Fruit Roll-Ups Maker Moves to Dismiss CSPI Class Action Suit

Cross-posted by Forbes.com at WLF’s contributor site

Last October, a WLF Legal Pulse post, CSPI’s Fruit-by-the-Foot Suit: That Which You Didn’t Say is Untruthful, critiqued a complaint Center for Science in the Public Interest (CSPI) filed in California federal court. The suit alleged that the truthful information General Mills placed on its packaging violated California and Minnesota consumer protection laws. Yes, you read that right. CSPI didn’t take issue with the truthfulness of the statements, but argued that the information on the package (and information left off the package) taken as a whole deceived consumers into thinking Fruit Roll-Ups® and Fruit-by-the-Foot® were “healthy.”

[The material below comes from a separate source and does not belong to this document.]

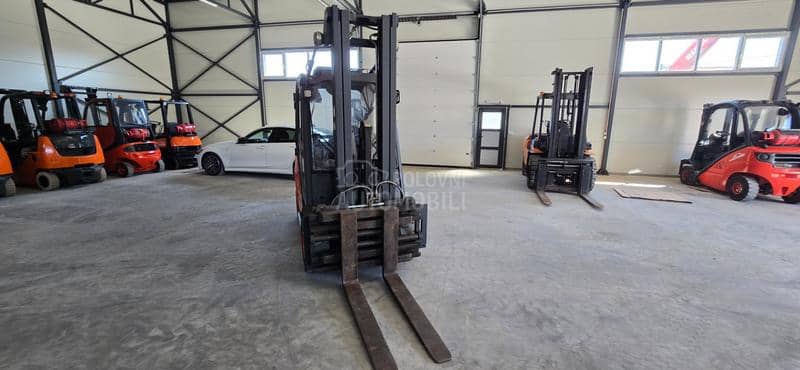 Linde H30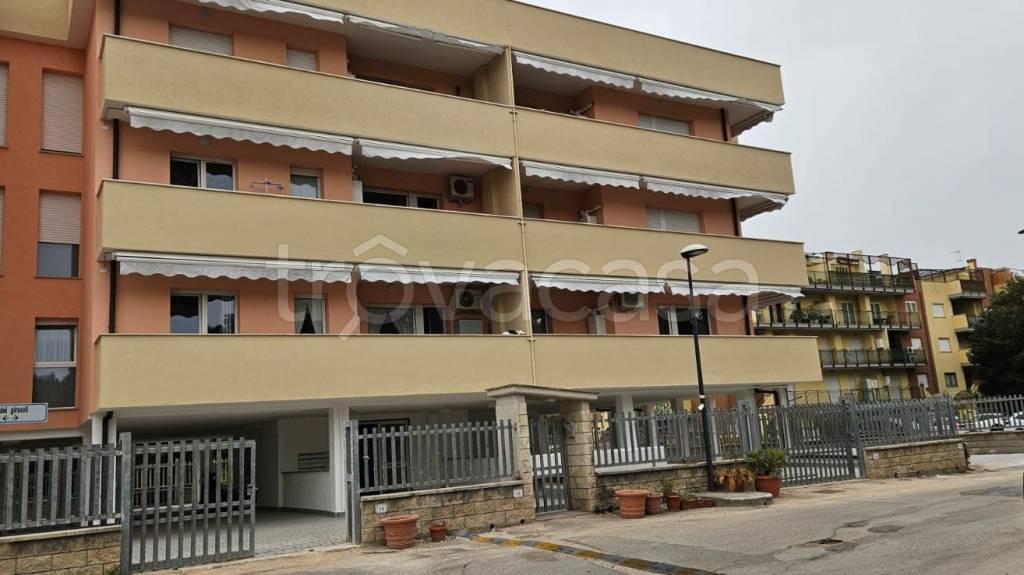 appartamento in vendita a Sabaudia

On February 17, General Mills filed a motion to dismiss the suit. In addition to arguing that the complaint fails to meet federal court pleading requirements and that a California citizen purchasing Fruit Roll-Ups® in California cannot invoke Minnesota law, the defendants (pardon the pun) label the suit as a blatant attempt to judicially amend federal law. The federal Nutrition Labeling and Education Act (NLEA) and its implementing regulations expressly preempt any state law requirement (statute, regulation, or court-imposed remedy) that is “not identical” to federal rules.

So phrases on the Fruit Roll-Ups® and Fruit-by-the-Foot® packages like “Fruit Flavored,” “Naturally Flavored,” “Low Fat,” and “A Good Source of Vitamin C” are permitted under the NLEA and cannot be altered by any state official. Also, under the NLEA, the amount of added sugar, the presence of artificial colors, and a product’s lack of fiber don’t disqualify General Mills from making such statements. Finally, General Mills’ failure to include the nutritionally insignificant amount of trans fat in the products – a fraudulent misstatement according to the plaintiff – is in compliance with a FDA rule that requires companies to list zero grams of trans fat if the amount is less than 0.5 grams.

If CSPI is unhappy with the NLEA and its regulations, seeking court-ordered amendments through state law isn’t the way to seek change. Such class action abuse wastes shrinking judicial resources and forces companies to divert funds away from the business of creating consumer products (which consequently creates jobs). Judge Samuel Conti will hopefully dispose of this unhealthy lawsuit soon after the briefing is complete.